*** Exercise data ***

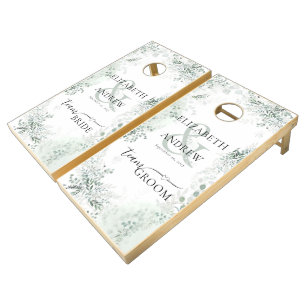 Elegant Eucalyptus Greenery Sage Green Wedding Cornhole Set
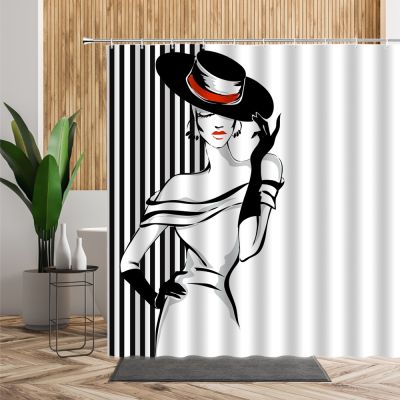 Fashion Girl Pattern Shower Curtain Black And White Striped Bathroom Decor Shower Curtain With Hook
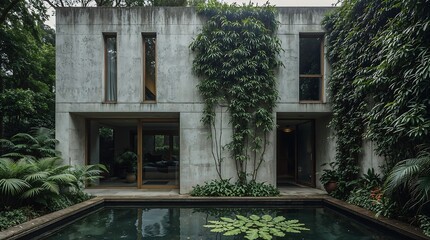 Brutalist-inspired concrete monolith with board-formed texture, bronze window frames, vertical fern gardens cascading down walls, reflective pond, overcast drama.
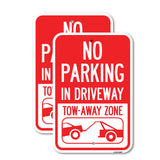 No Parking - in Driveway, Tow Away Zone (With Graphic)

*** End of Exercise data ***

Print the material above word for word, and keep the pictures out of it.

[Result for this exercise]
 Elegant Eucalyptus Greenery Sage Green Wedding Cornhole Set
 Fashion Girl Pattern Shower Curtain Black And White Striped Bathroom Decor Shower Curtain With Hook
 Brutalist-inspired concrete monolith with board-formed texture, bronze window frames, vertical fern gardens cascading down walls, reflective pond, overcast drama.
 No Parking - in Driveway, Tow Away Zone (With Graphic)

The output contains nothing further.